В мире, где все так изменчиво и подвижно, поиск сам по себе автоматически становится поиском формы. Разрушение старых форм, экспериментирование с новыми, новые слова, новые отношения, новые пространства, новые здания - все это имеет отношение к одному и тому же процессу, и любая отдельная постановка - это не что иное, как одиночный выстрел в невидимую цель. Глупо сегодня ожидать, что некий спектакль сам по себе, стиль или направление в работе приведут пас к тому, чего мы ищем. Театр не может развиваться только по прямой в мире, который движется не только вперед, но также в сторону и назад.
Вот почему уже долгое время не существует единого стиля для театров мира, как это было в XIX веке.

В театре существует одно серьезное испытание. Когда представление окончено, что остается? Об удовольствии забывают, больше того - даже сильные ощущения исчезают. А все рассуждения теряют нить.
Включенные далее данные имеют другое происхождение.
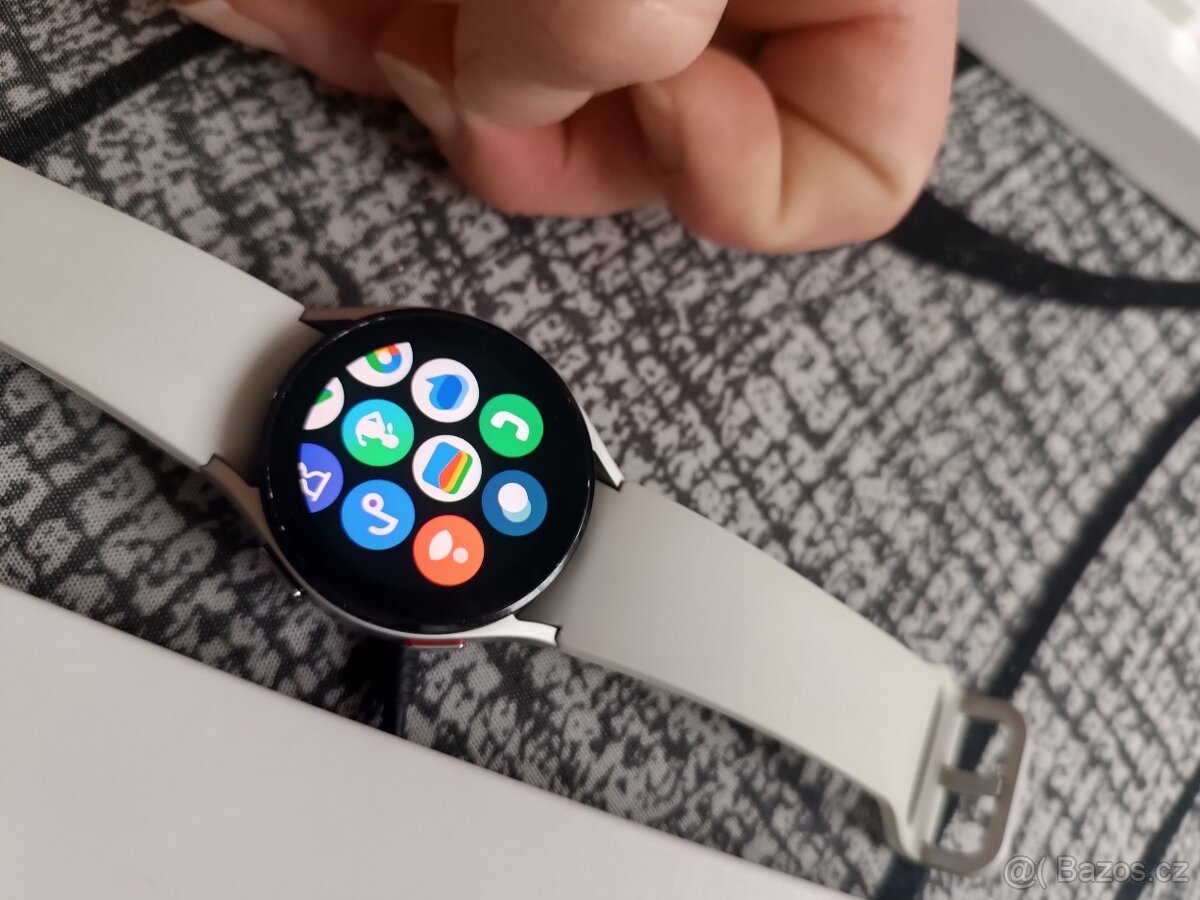 Samsung Galaxy Watch 4 stříbrné - 5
Но когда ощущения и доводы используются для того, чтобы публика могла вглядеться в самое себя, тогда в сознании что-то воспламеняется. Событие опаляет память, оставляя в ней очертание, вкус, след, запах - картину. Остается центральный образ пьесы, ее силуэт, и, если все элементы правильно сочетаются, этот силуэт и будет ее значением, эта форма станет сутью того, что она должна выразить.
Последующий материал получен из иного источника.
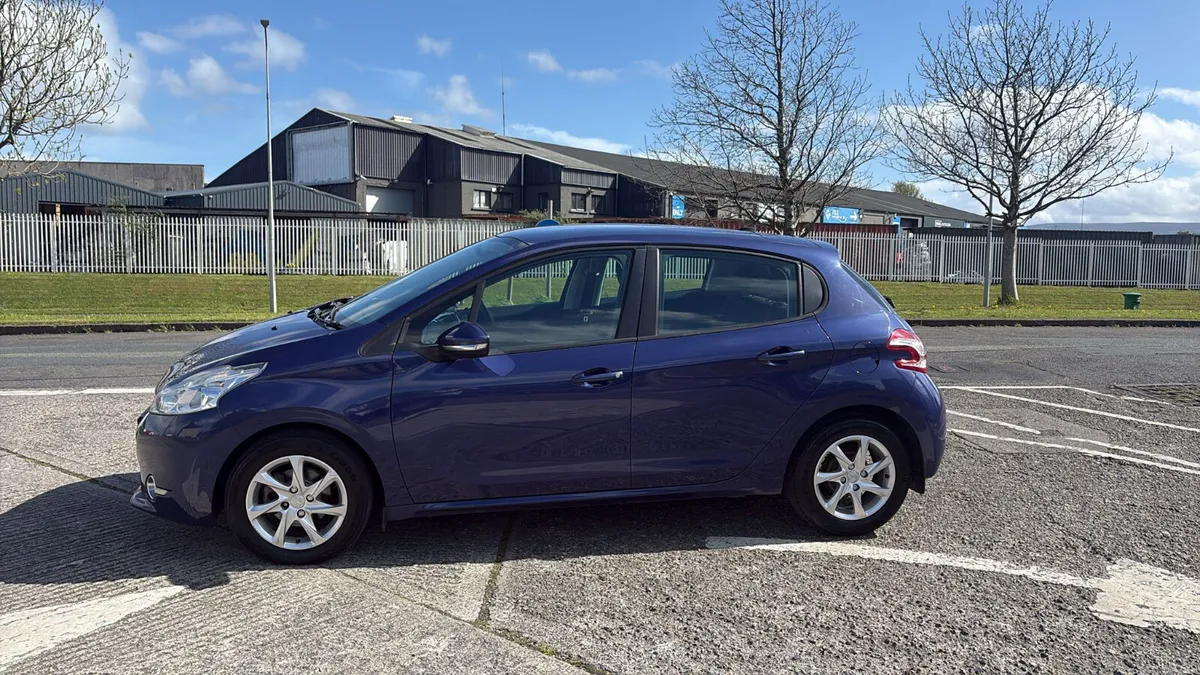 Peugeot 208 2014 - Image 4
...театр - ППС: повторение, представление, соучастие.

Представление отрицает время. Оно стирает разницу между вчера и сегодня. Оно берет вчерашнее событие и заставляет его звучать сегодня во всех проявлениях, включая сиюминутность. Иными словами, представление - это то, чем оно и должно быть - прошлым, возникающим в настоящем. Именно в этот момент на сцене происходит то возрождение жизни, которое невозможно в процессе повторений, но зато присуще как репетиции, так и самому спектаклю.

Участвовать - слово простое, но в нем ключ. Актер готовится, он включается в процесс, который в любой момент может оказаться безжизненным. Он готовится к тому, чтобы что-то уловить, а затем воплотить на сцене. На репетиции живой элемент соучастия исходит от режиссера, который и находится там затем, чтобы помогать своим зрительским участием.

...у театра есть одна особенность, отличающая его от книги. Всегда есть возможность начать заново... <...> В театре все можно счесть непроисходящим.
В повседневной жизни «если бы» - фикция, в театре - это эксперимент. В повседневной жизни «если бы» - уклончивость, в театре «если бы» - правда.